Where The Heck Has June Gone And Future Plans

The month of June, in my world, is a super busy, crazy one. It's no wonder why the month has flown by, and my blog writing has taken a back seat! My calendar looked nuts, with many weekdays pencilled in, as well as weekends booked solid. Who can complain about FUN though, right? June is a social month!

I celebrated my friend Claire's birthday, TWICE, which I think should become the standard! I got to celebrate my niece's 12th birthday, enjoyed Father's Day activities that my husband chose, and still paused to remember my own Dad. In there, I also bought teacher gifts and wrapped up the final week of school and my eldest daughter's Grade 8 graduation and the many parties surrounding that event!
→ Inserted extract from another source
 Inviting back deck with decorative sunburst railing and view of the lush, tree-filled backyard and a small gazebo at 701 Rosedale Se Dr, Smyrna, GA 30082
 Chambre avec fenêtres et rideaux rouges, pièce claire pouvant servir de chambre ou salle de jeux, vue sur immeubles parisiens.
I also got many runs in on my new training program, and added in some new circuit training. I got to partake in a very STEAMY "Yoga on the Hill" with my pals Jay and Caroline, and hundreds of others, in 40 degree heat. It was a blast though and I'd totally do it again!

Last night, my daughter had her 14th birthday party with 14 kids-a mix of boys and girls-and the girls slept over. It went well and she was happy with both her party and her gifts. I'm a bit exhausted today after breakfast and clean up, but to see her so excited and happy has been all worth it!
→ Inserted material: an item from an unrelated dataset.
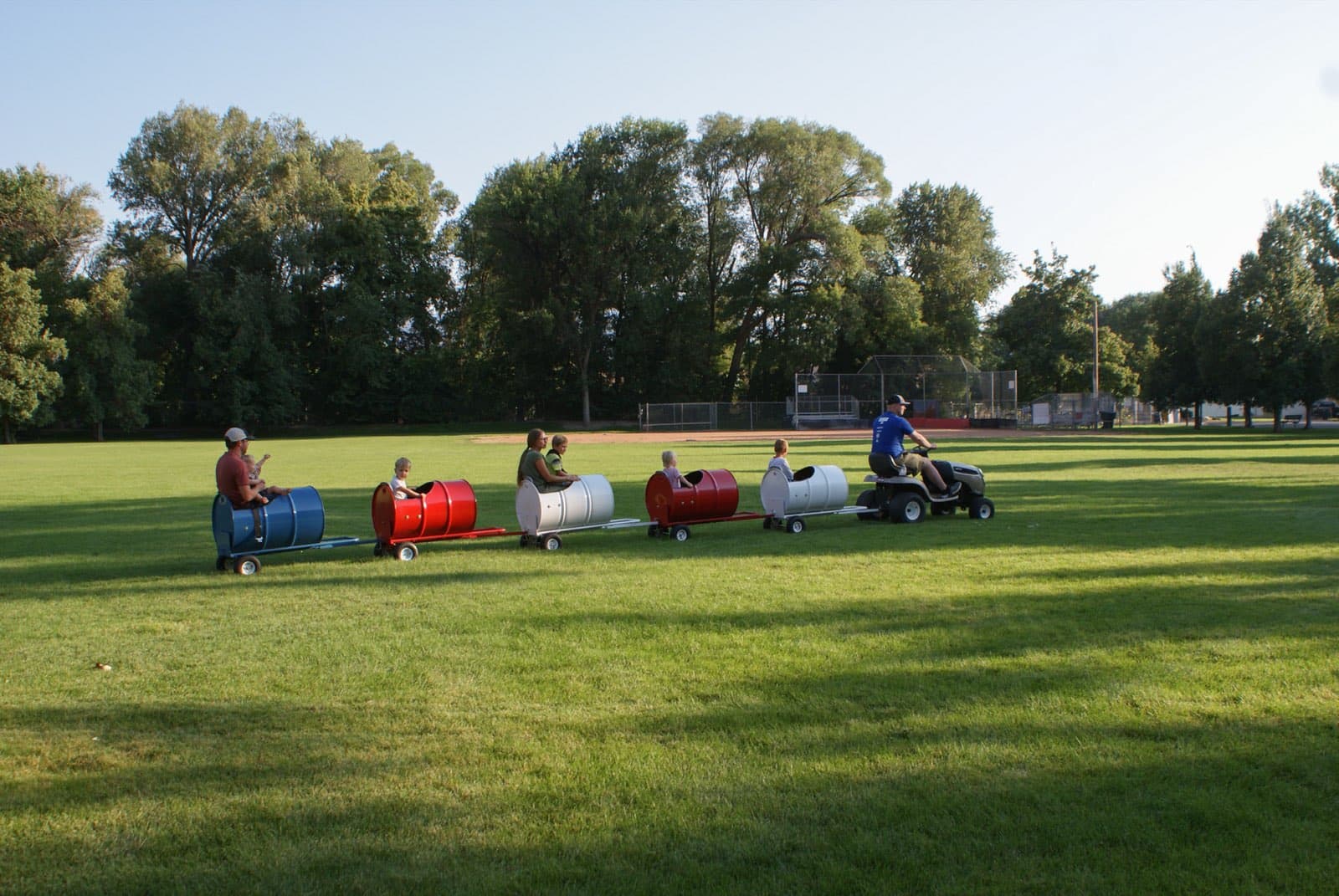 Kids riding the Backyard Barrel Express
The fact that she's now entering high school has had me a bit nostalgic. I've been looking at some pictures and counting my blessings. My kids are AMAZING people, so confident and strong. I'm honoured to be their Mum, every day. It's not for everyone, but I've been REALLY lucky to have been able to have the best of all worlds. I knew when I became a Mother I wouldn't want to settle for anything but being home and available to my kids 24/7. Not everyone has that luxury, nor do they want it, but after working in daycare, I knew "I" wanted to be the face they saw all day, the one that hugged booboo's away, the one that rocked to sleep and the one that saw their "firsts."  My husband has always not only supported that choice, but demanded it, and it worked perfectly in that I maintained my career, contributed to our family income, and stayed home by having a home daycare. I LOVE that I've been able to not miss a moment. Honestly, I feel like that has made a huge difference in my children. My ambition has never been career driven, it's always been family based. Even my high school yearbook has my ambition being "to realize the white picket dream." It's what I've always wanted and I don't regret not having some "big job" for a second.
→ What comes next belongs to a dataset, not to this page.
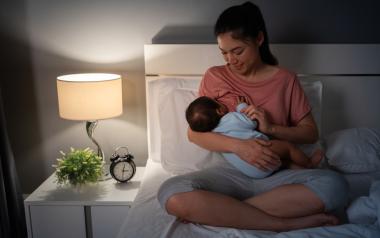 A woman sits in bed breastfeeding at night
That said, as my kids get older, I've started thinking about what I'd like to do "now."  The more I've thought about it, the more I've come to terms with the fact that I'm never going to be that "career driven" individual. I have never wanted to be the "boss" in any job I've ever had. I'm always happier in the background, part of the team. I took on leadership roles most of my younger life, and I have no desire for that anymore. I think when much of your childhood is spent trying to survive and excel and "get ahead"-you burn out. I just want peace, tranquility and a quiet existence now. No bells and whistles needed. Where I'm truly happiest is with my family and my friends that have become more like my family. Anything separate to that would just be "punching a time card."

The other night, I was leaving for dinner out with friends and had prepped a meal for my husband to make. He decided he'd take the kids out instead. I joked that without me there they can't function or even get a meal on the table! My husband looked at me, hugged me and said, "That's exactly it, Trace. We CAN'T function without you and all that you do for our family,"  Hmm, he may have won some points there(or eased my frustration about his going out to dinner when a meal was almost ready on the counter!)  When I'm serious and focused about something, as a perfectionist who is critical, I make sure I give 100 percent of myself to the task. My family has been that focus for me, and will continue to be, for as long as I live. I say that without shame or remorse or guilt, and I don't care what anyone else thinks of that choice. Some think I'm a bit "Martha Stewart" about being a Mum. Great! I wear it with pride.

That doesn't mean I can't pursue other things that will get my laser focus, though.  I just don't know that slaving away at a 9-5 like everyone else is that thing. :)

This year has been full of transition, and continues to not disappoint. I'm planning on an EPIC summer and then a world of change for September forward. Keep an eye on this blog. You never know WHAT I might do next.